Throughout this, Charlie knew that his life was not intended to be involved in the murderous delusions of his father, but somehow he felt that his mother wanted him to take care of his Pop.  Of course, he knew that his mother was truly righteous according to the laws of the bible and would never have condoned the violence and corruption they were producing in the name of Jesus.  But in a way, he did not mind that he was terminating relentless vermin.  He figured that the balance of God would have him repented in a similar way.

There were two minutes left before the deadline of his assignment, so Charlie took a moment to reflect on the reoccurring dream in the courtroom.  He truly felt connected to the lawyer reflection of himself in the dream.  He gave due process to his victims.  Before every hit, Charlie would say a mixed collection of scripture and prayers to repent for himself, but more importantly for the targets.  He wanted them to be cleansed before they could meet God, and he could not have lived with himself if he sent a soul to heaven without proper spiritual renovation.
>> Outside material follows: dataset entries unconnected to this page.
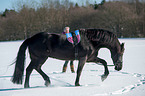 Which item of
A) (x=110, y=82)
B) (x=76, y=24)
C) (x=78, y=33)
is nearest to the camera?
(x=78, y=33)

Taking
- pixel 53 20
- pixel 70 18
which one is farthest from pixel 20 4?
pixel 70 18

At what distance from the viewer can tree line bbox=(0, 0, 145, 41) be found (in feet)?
91.8

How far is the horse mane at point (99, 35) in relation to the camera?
3.89 metres

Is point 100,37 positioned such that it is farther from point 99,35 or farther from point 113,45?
point 113,45

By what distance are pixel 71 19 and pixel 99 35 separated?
30.7 metres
One minute remained, and Charlie exited his car.  He casually made his way towards the backdoor of the house where his father had led him.  The door was unlocked.  When he stepped inside, Charlie could smell incense being burnt.  "Follow the incense," he remembered was written on a Post It in the folder.  That was all.
Silence.  There was just a heartbeat.  It was not Charlie's but for some reason he thought he could hear it.  The heartbeats became stronger and suddenly John Coltrane's "A Love Supreme" started playing loudly in the room where the incense was leading him.  Charlie welcomed the noisy cover so that he could recite his repentance speech a bit louder than normal.  Past the doorway of the room, there was a silhouette behind cloth drapery at the window.  
He shot.  The body dropped.  Charlie took out a bottle of holy water and proceeded to wash his face with it.  This was his routine.  When he was done, Charlie felt compelled to glance at his latest assignment.  Normally, he found no need to look, but because his father had kept the man's identity such a secret, he was curious.  The blood was still slowly flowing onto the floor and the white drapery was almost completely soaked.  The smell of the incense had been overcome by the scent of a newly opened wound.  Suddenly, the sense of calm was overcome by shock and disbelief.

The blood drenched envelope stained Charlie's hands, and he was shaking uncontrollably.  Somewhere in the chaos of his calmness and  the inertia of his normalcy he was able to get back into his car and open the soaked envelope.
"Anak," it read, "Thank you.  You have saved us all.  You have avenged your mother's murder.  You have emancipated and cleansed me to be welcomed into heaven.  And now you can fulfill your promise.  I am the last one."